Start:
8/29/2019
at
3:30PM
End:
8/29/2019
at
4:45PM
Location:
131 DeBartolo
Recent advances in chip design have shown that analog computing can deliver energy-efficiencies that surpass traditional digital architectures and are very well suited to developing next-generation “smart” sensor systems. Such systems are widely applicable in areas like biomedical data acquisition, continuous infrastructure monitoring, intelligent sensor networks, and data analytics. However, implementing analog computing at scale requires principled techniques for algorithm-circuit co-design to robustly and reliably develop energy efficient systems.
In this talk we will cover applications of this principle ranging from communication and sensor interfaces to computational sub-blocks. We will first look at bounds on the energetic advantages derived through mixed-signal computing. I will then present an embodiment of these techniques in a micropower, multichannel, mixed-signal array processor developed in 65nm CMOS. I will then introduce a gradient-free variation of coordinate descent, that can deliver even greater energy efficiencies through algorithm-circuit co-design.
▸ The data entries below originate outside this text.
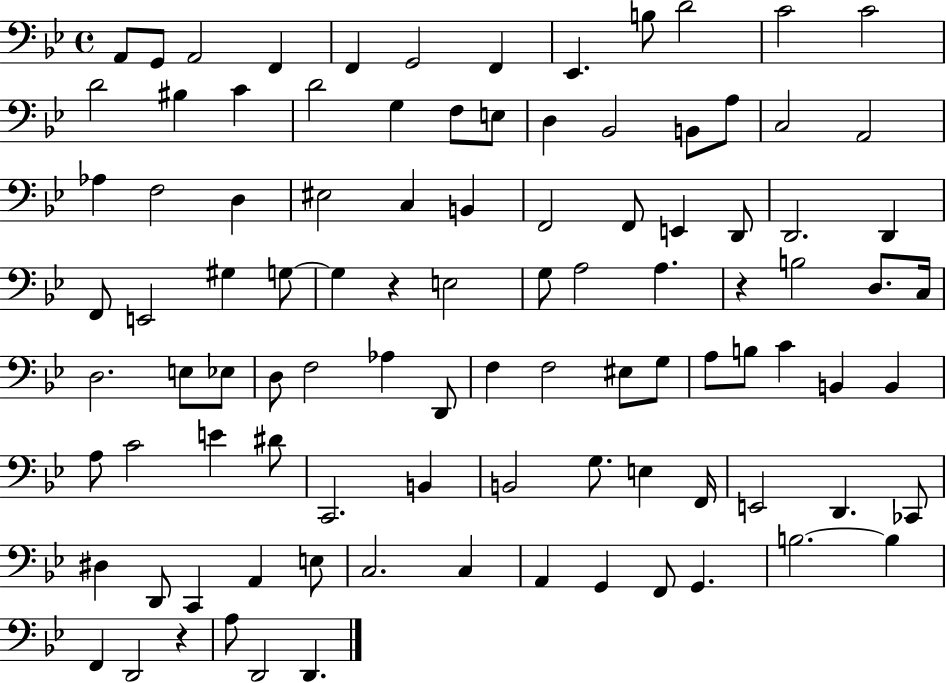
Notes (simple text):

A2/e G2/e A2/h F2/q F2/q G2/h F2/q Eb2/q. B3/e D4/h C4/h C4/h D4/h BIS3/q C4/q D4/h G3/q F3/e E3/e D3/q Bb2/h B2/e A3/e C3/h A2/h Ab3/q F3/h D3/q EIS3/h C3/q B2/q F2/h F2/e E2/q D2/e D2/h. D2/q F2/e E2/h G#3/q G3/e G3/q R/q E3/h G3/e A3/h A3/q. R/q B3/h D3/e. C3/s D3/h. E3/e Eb3/e D3/e F3/h Ab3/q D2/e F3/q F3/h EIS3/e G3/e A3/e B3/e C4/q B2/q B2/q A3/e C4/h E4/q D#4/e C2/h. B2/q B2/h G3/e. E3/q F2/s E2/h D2/q. CES2/e D#3/q D2/e C2/q A2/q E3/e C3/h. C3/q A2/q G2/q F2/e G2/q. B3/h. B3/q F2/q D2/h R/q A3/e D2/h D2/q. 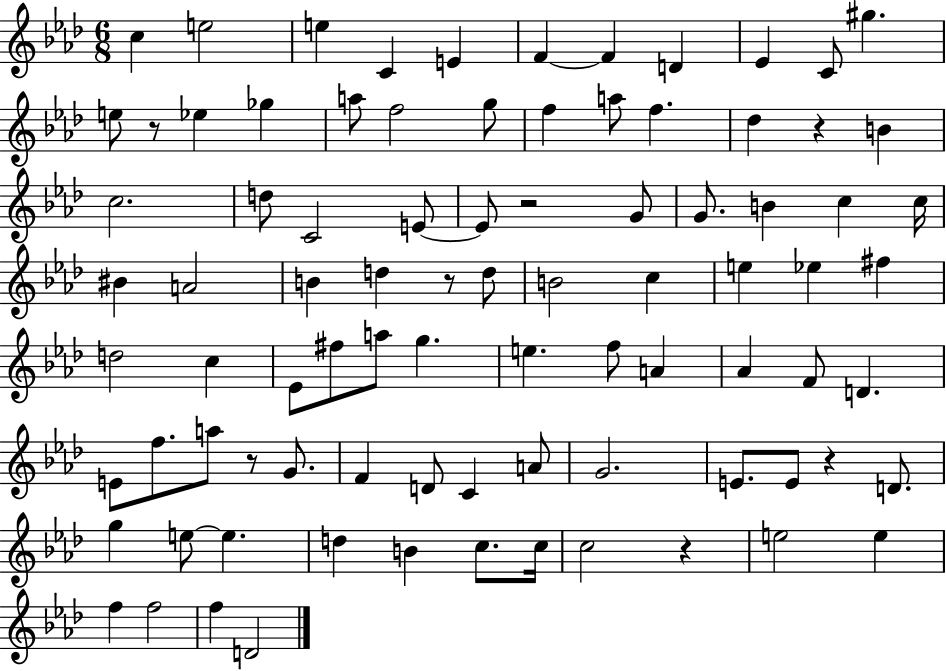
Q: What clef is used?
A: treble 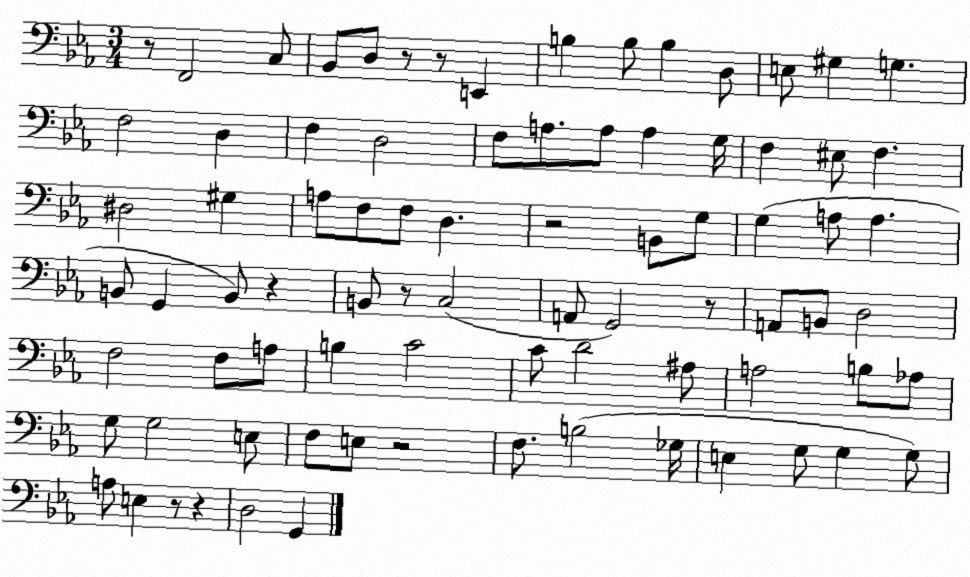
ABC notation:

X:1
T:Untitled
M:3/4
L:1/4
K:Eb
z/2 F,,2 C,/2 _B,,/2 D,/2 z/2 z/2 E,, B, B,/2 B, D,/2 E,/2 ^G, G, F,2 D, F, D,2 F,/2 A,/2 A,/2 A, G,/4 F, ^E,/2 F, ^D,2 ^G, A,/2 F,/2 F,/2 D, z2 B,,/2 G,/2 G, A,/2 A, B,,/2 G,, B,,/2 z B,,/2 z/2 C,2 A,,/2 G,,2 z/2 A,,/2 B,,/2 D,2 F,2 F,/2 A,/2 B, C2 C/2 D2 ^A,/2 A,2 B,/2 _A,/2 G,/2 G,2 E,/2 F,/2 E,/2 z2 F,/2 B,2 _G,/4 E, G,/2 G, G,/2 A,/2 E, z/2 z D,2 G,, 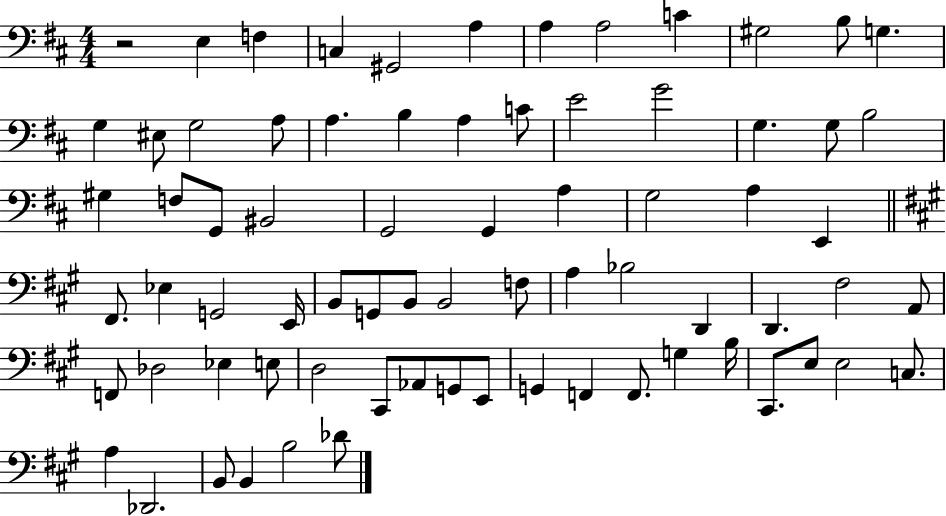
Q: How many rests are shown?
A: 1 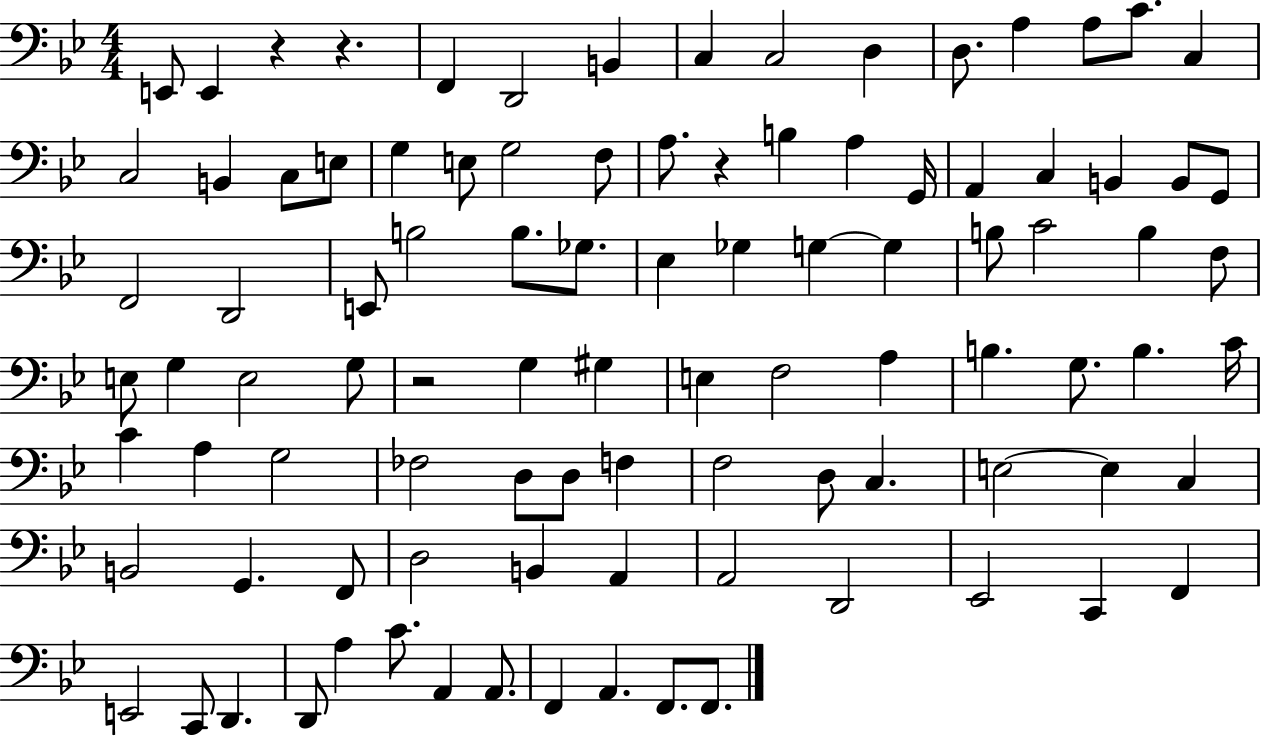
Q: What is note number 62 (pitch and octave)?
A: D3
I will conclude with some recent work spanning across various devices (FeFETs, RRAMs, and others), architectures (oscillator and compute-in memory) and emerging applications (smart sensors and neuromorphic computing). Crossing these hierarchies is critical for realizing the next generation of sensing, computing, and communicating systems.
Seminar Speaker:
Siddharth Joshi
University of Notre Dame
Siddharth Joshi is an Assistant Professor in the Department of Computer Science and Engineering at the University of Notre Dame since 2018. Prior to that, he was Postdoctoral Fellow in the department of Bioengineering at UC San Diego. He completed his Ph.D. in 2017 at the department of Electrical and Computer Engineering, UC San Diego where he also completed his M.S. in 2012. He also completed a B. Tech from Dhirubhai Ambani Institute of Information and Communication Technology in India. His research focuses on the co‐design of custom, non‐Boolean and non‐von Neumann, hardware and algorithms to enable machine learning and adaptive signal processing in highly resource constrained environments.